Kadıköy'deki Yazıcıoğlu Pasajı'nın kötü bir ünü vardır. 90'lı yılların ortalarından itibaren Commodore ve Amiga oyunları çektirmek üzere içindeki bilgisayarcıları sayısız defa ziyaret ettiğim mekan, 90'ların sonuna doğru maalesef korsan CD mafyasının eline geçmişti. Pasajın birkaç metre yakınına yaklaştığınızda bir anda yanınızda biten esmer vatandaşlar "CD lazım mı?", "Filim, oyun, empe 3", "Ne lazım?" diye seslenerek sizi taciz ederlerdi. Hatta bir keresinde oradan geçerken adamın biri yanıma gelip "Filim var, müzik var, oyun var" dedikten sonra daha alçak bir sesle kulağıma "AÇIK FİLİM VAR" diye fısıldamıştı, hiç unutmam...
İşte her istediğimiz filmi, oyunu ya da albümü internetten indirme şansını bulamadığımız o dönemlerde yakın bir arkadaşım beni bir hafta sonu Yazıcıoğlu Pasajı'na sürüklemişti. O pasajdan ve ordaki esnaftan pek hoşlanmıyordum, ama "Belki sevdiğim grupların full MP3 diskografilerini bulurum" umuduyla ona eşlik etmekten kendimi alıkoyamadım..
İlk başta her şey normal görünüyordu. Yazıcıoğlu Pasajı'nın, karşısında Gold Bilgisayar bulunan kapısından içeri girdik. Bir süre giriş katındaki bir dükkanda film CD'lerine falan baktık. Sonra yanımdaki arkadaşım dönüşü olmayan yola girdi, dükkanda çalışan çocuğa utana sıkıla "Şey, erotik CD var mı sizde?" diye sordu..(Bu konuda kendisini suçlamıyorum, henüz 20'li yaşlara yeni girmiş ergenlerdik ve daha önce belirttiğim gibi istediğimiz her filmi internetten indiremiyorduk, o zamanki şartlar buna izin vermiyordu)
Bunun üzerine çocuk "Olmaz olur mu abi" diyerek bizi başka bir dükkana götüreceğini söyledi. Birlikte Yazıcıoğlu'ndan dışarı çıktık.
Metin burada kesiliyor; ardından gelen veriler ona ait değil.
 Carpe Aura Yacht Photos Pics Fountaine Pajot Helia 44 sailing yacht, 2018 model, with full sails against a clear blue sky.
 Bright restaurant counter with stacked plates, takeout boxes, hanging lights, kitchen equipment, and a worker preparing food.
Yan taraftaki bir pasaja girerek merdivenlerden yukarıya çıkmaya başladık. Çocuk bizi soğuk, karanlık bir odanın içine soktu. Odanın içinde dışarıdan ilk bakışta fark edilmeyen bir gizli bölme vardı. Filmlerde kütüphanedeki kitabın itilerek gizli geçidin açılması gibi, çocuk duvarda bir yeri ittirdi ve içinde yüzlerce porno CD bulunan küçük bir odanın içine girdik..
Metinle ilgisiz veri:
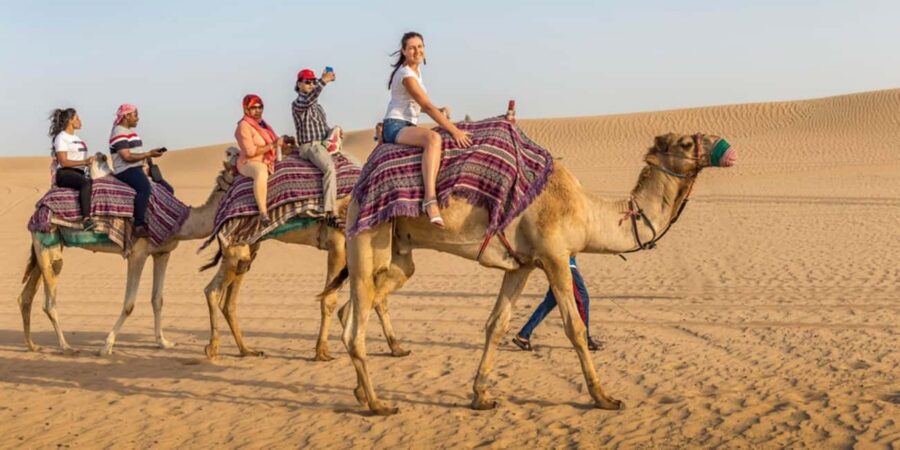 Doha: Sunset Desert Safari, ATV, Camel Ride and Sandboarding - Sandboarding and Quad Bike Options for Extra Adrenaline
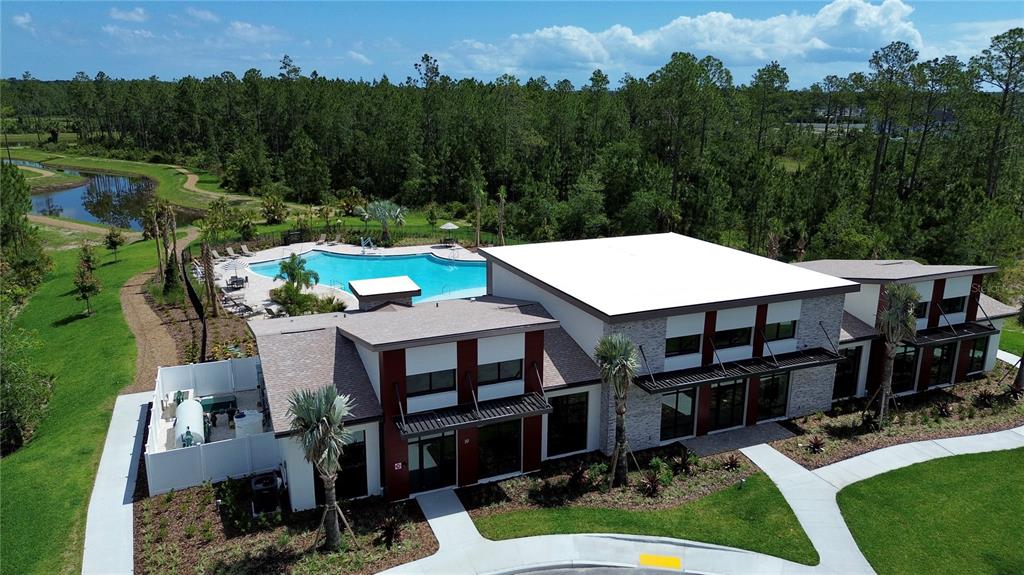 An aerial view of a modern community clubhouse with a swimming pool and surrounding forest — 305 FISHTAIL PLACE, PALM COAST, FL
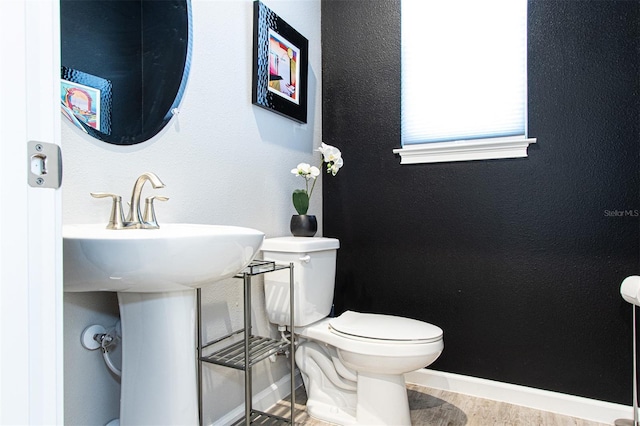 bathroom featuring hardwood / wood-style flooring and toilet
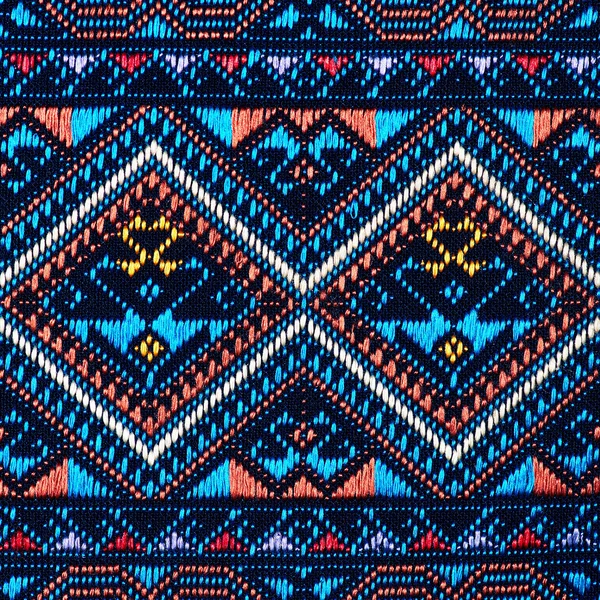 Colorful thai silk handcraft peruvian style rug surface close up More this motif & more textiles peruvian stripe beautiful background tapestry persian nomad detail pattern farabic fashionable textile.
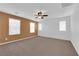 Large bedroom features neutral carpet, a ceiling fan, and multiple windows with coverings at 8562 Burning Bridge Ct, Las Vegas, NV 89131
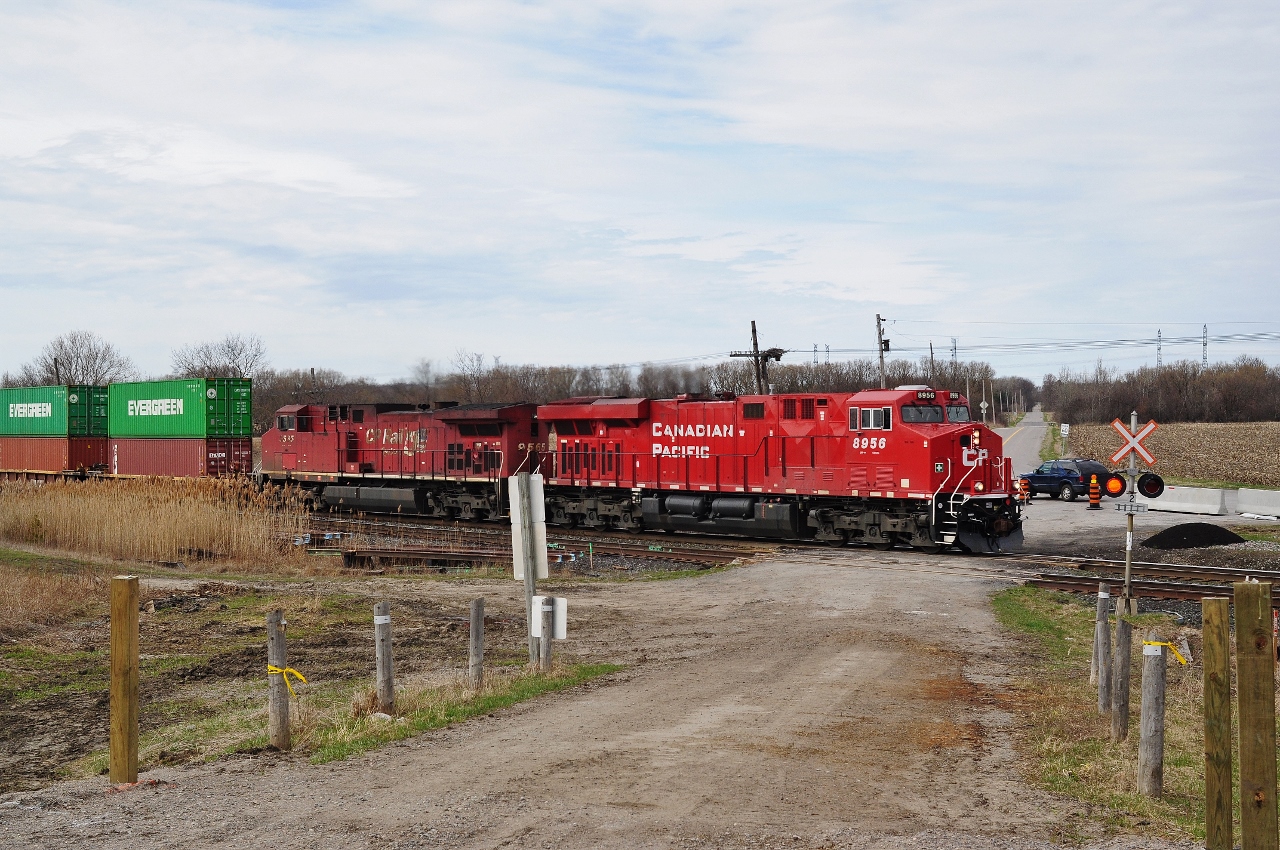 (Another) pair of GE's power an eastbound CP at Lovekin, Ontario. 
 

Even as recently as 2012 the Stephenson / Lakeshore Road crossing had a rural look ! (today the road is paved).
 

Image by S.Danko
 

Same location, twenty-eight years earlier: 
 

  MLW heavies  
 

sdfourty
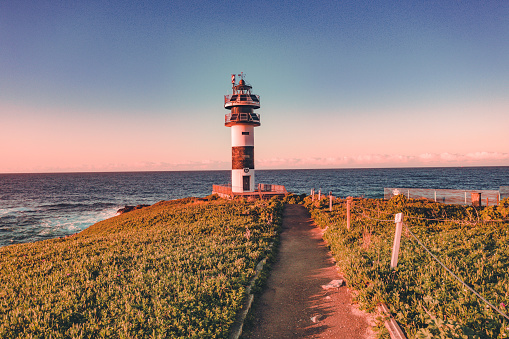 Lonely lighthouse in sunset on the coast of Galicia, Spain. Island of Pancha (Isla Pancha) clote to Ribadeo village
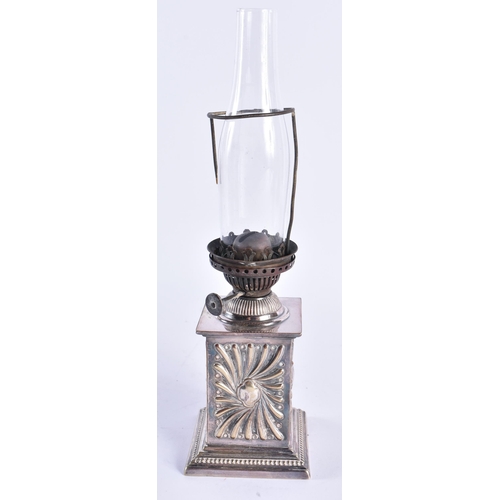 86 - AN ANTIQUE SILVER PLATED OIL LAMP. 32 cm high.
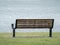 Dirty wooden and metal park bench on grass looking at water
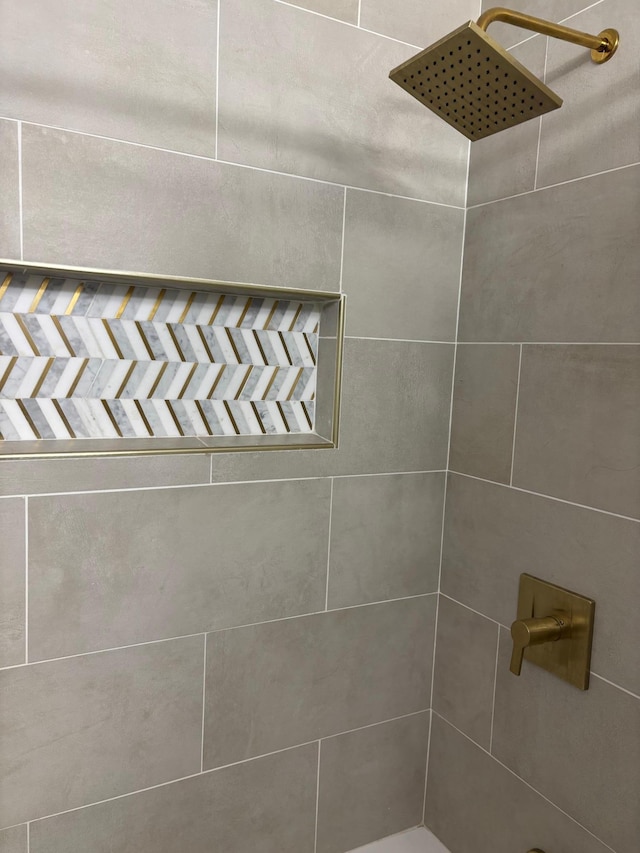 interior details featuring tiled shower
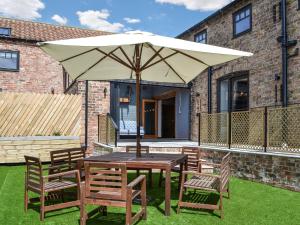 a wooden table and chairs with an umbrella at The Old Stables in Tickton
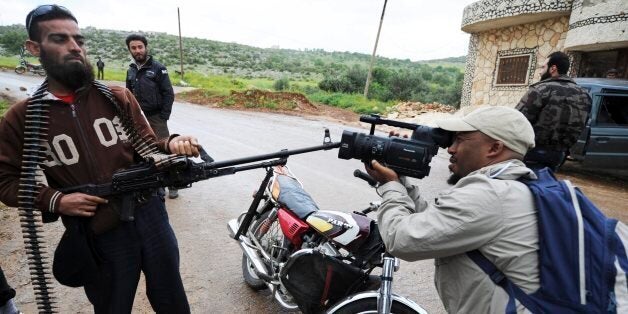 DARKOUSH, SYRIA - APRIL 16 (SOUTH AFRICA OUT):A cameraman taking footage of Free Syrian Army Soldier on April 16, 2013, in Darkoush, Syria. Al-Qauda has given its blessing to the Gift of the Givers organisation for its work in Syria. On April 14, 2013, 45 South African Medical personnel were sent to aid locals in the Darkoush hospital.(Photo by Felix Dlangamandla/Foto24/Gallo Images/Getty Images)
Acayip bir durumdu. Odadaki birtakım adamların cinsel ihtiyaçlarını bastırmak amacıyla kendilerine kapak resimlerine bakarak film seçmelerine şahit oluyordum..
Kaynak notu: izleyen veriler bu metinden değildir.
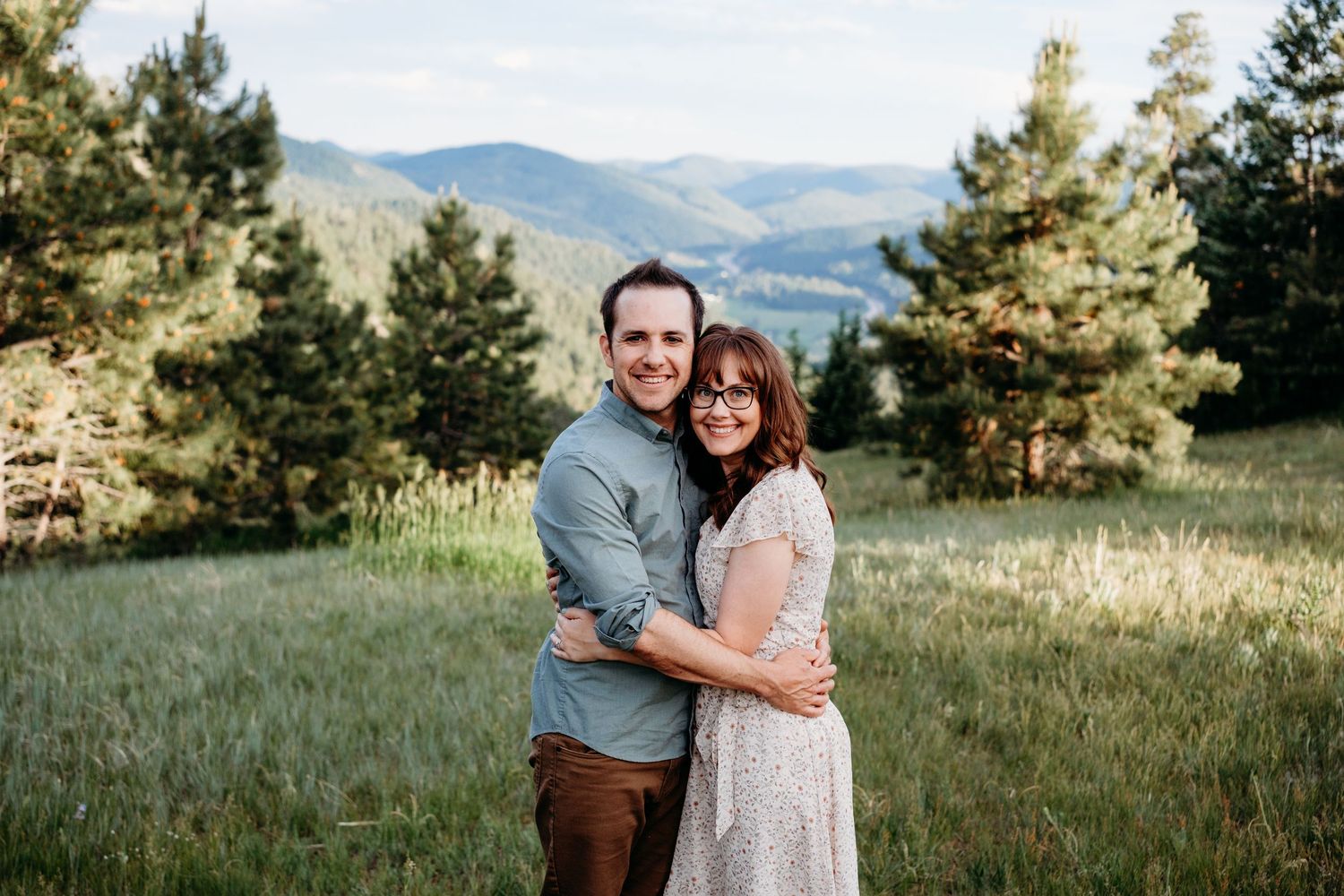 Adult couple standing close together, belly-to-belly, embracing one another, forest and mountain views in background.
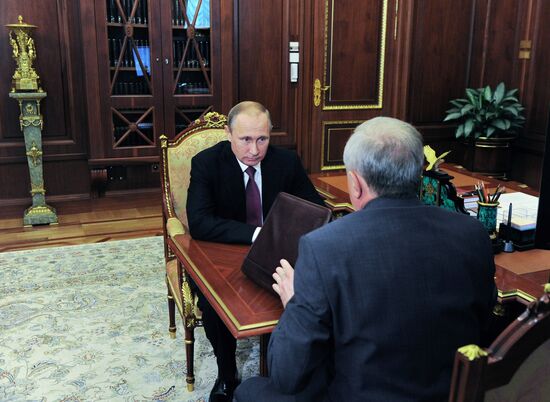 Russian President Vladimir Putin meets with Vladimir Bulavin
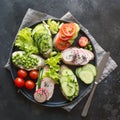 Different vegan sandwiches with vegetables, radish, tomato, rye bread on black. Appetizer for party Royalty Free Stock Photo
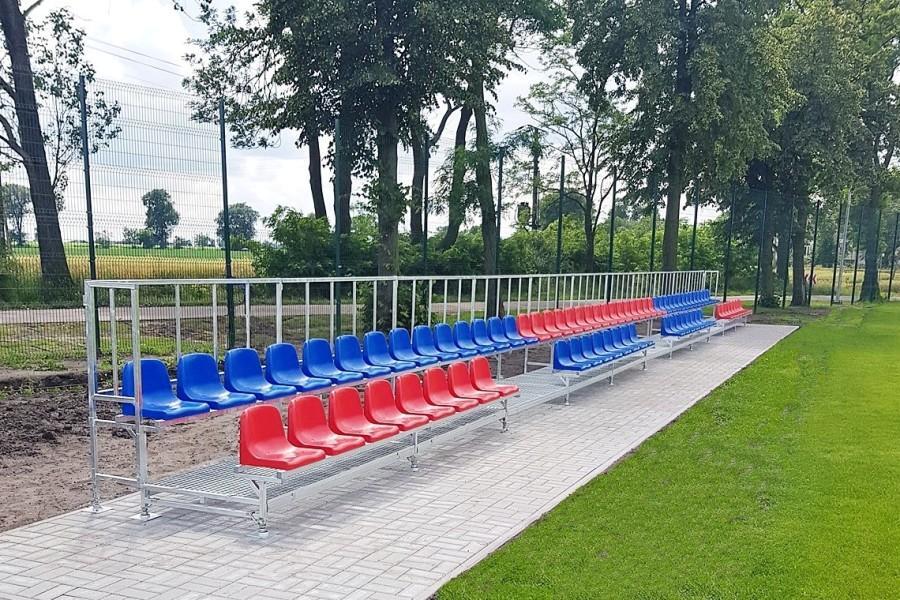 modern double-row metal stands with plastic chairs for shows and events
Arkadaşım CD'lerden birkaçını kenara ayırmıştı. Gelmişken almaya niyeti vardı..
Sonra bir anda içinde bulunduğumuz odanın ışıkları söndü..İçeriye bir adam girip "ELLER YUKARI, POLİS" diye bağırdı..O dönemlerde Yazıcıoğlu Pasajı sık sık baskına uğruyor, korsan CD satanlar ifadeleri alınmak üzere polis merkezine götürülüyor ve kısa bir süre sonra serbest bırakılıyordu. O an bu baskınlardan birini yaşadığımıza kanaat getirdik ve yusuf yusuf çekmeye başladık..Bu saçma yerde hiç bulunmamamız gerekiyordu ama oradaydık..Fena halde tırsmıştık..
Şakaymış (!)..İçeri girip ışıkları söndüren şakacı adam dükkan sahibiymiş..."Şaka şaka" diyip gönlümüzü alıp dışarı çıktı denyo herif. Arkasından bir ton küfür ettik haliyle...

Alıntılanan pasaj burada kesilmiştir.